# Structured Streaming Lab

In this lab, you will explore the functionality of Spark Streaming and how it's used. 

In [None]:
sc

In [None]:
spark

First, you will load a set of JSON files that comes from the  Heterogeneity Human Activity Recognition Dataset. The data consists of smartphone and smartwatch sensor readings from a variety of devices—specifically, the accelerometer and gyroscope, sampled at the highest possible frequency supported by the devices. Readings from these sensors were recorded while users performed activities like biking, sitting, standing, walking, and so on. 

The path to the files is `s3://bigdatateaching/spark-streaming-sample-data/`. In the following cell, create a static DataFrame object called `static` that reads the JSON files and uses the JSON read function: 

In [None]:
static = [[fill this partk]]

In [None]:
dataSchema = static.schema

Look at the schema:

In [None]:
dataSchema

Next, create a streaming version of the same Dataset, which will read each input file in the dataset one by one as if it was a stream. Lookup the `spark.readStream.schema` function and use the appropriate parameters. Fill in the missing parts below:

In [None]:
streaming = [[fill this part]]\
    .option("maxFilesPerTrigger", 1)\
    .json([[fill this part]])

In the following cell, you will perform one simple transformation. You will group and count data by the gt column.

In [None]:
activityCounts = [[fill this part]].groupBy("gt").count()
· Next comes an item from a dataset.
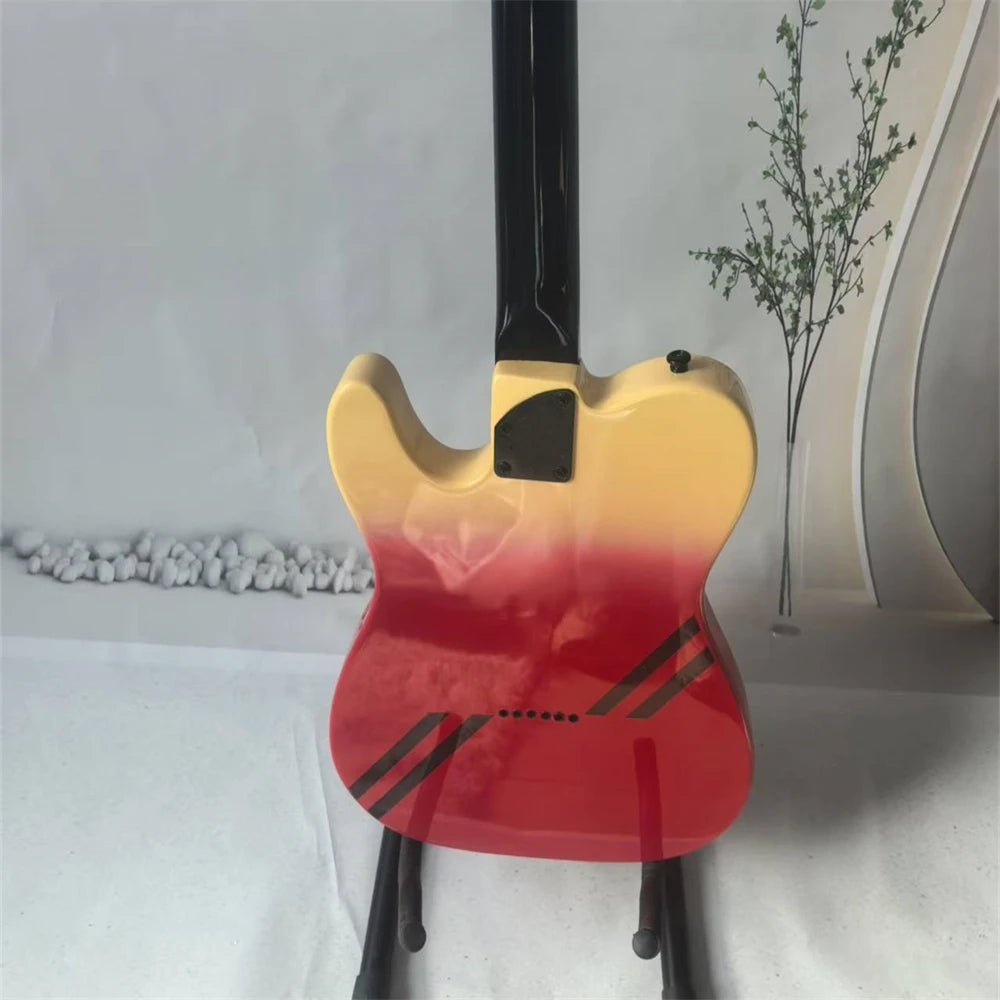 High-quality six-string electric guitar, with a two-tone body, rosewood fretboard, black hardware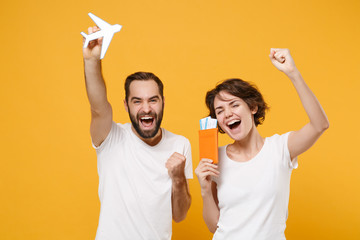 Joyful young couple friends bearded guy girl in white t-shirts isolated on yellow orange background. People lifestyle concept. Mock up copy space. Hold passport ticket air plane doing winner gesture.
Now that you've setup your transformation, you need to specify the your action to start the query.

In [None]:
activityQuery = activityCounts.writeStream.queryName("activity_counts")\
  .format("memory").outputMode("complete")\
  .start()

You can see how many streams are active at a given point in time:

In [None]:
spark.streams.active

To see streaming in action, the next cell you will run a SQL query on the `activity_counts` that was previously generated. This will run the SQL query 5 times, waiting one second, and you'll see how the data changes as more data is read in.

In [None]:
from time import sleep
for x in range(5):
    spark.sql([[fill in this part]]).show()
    sleep(1)

In [None]:
from pyspark.sql.functions import expr
simpleTransform = streaming.withColumn("stairs", expr("gt like '%stairs%'"))\
  .where("stairs")\
  .where("gt is not null")\
  .select("gt", "model", "arrival_time", "creation_time")\
  .writeStream\
  .queryName("simple_transform")\
  .format("memory")\
  .outputMode("append")\
  .start()


In [None]:
deviceModelStats = streaming.cube("gt", "model").avg()\
  .drop("avg(Arrival_time)")\
  .drop("avg(Creation_Time)")\
  .drop("avg(Index)")\
  .writeStream.queryName("device_counts").format("memory")\
  .outputMode("complete")\
  .start()

In [None]:
historicalAgg = static.groupBy("gt", "model").avg()
deviceModelStats = streaming.drop("Arrival_Time", "Creation_Time", "Index")\
  .cube("gt", "model").avg()\
  .join(historicalAgg, ["gt", "model"])\
  .writeStream.queryName("device_counts_2").format("memory")\
  .outputMode("complete")\
  .start()


In [None]:
spark.sql("select * from device_counts_2").show()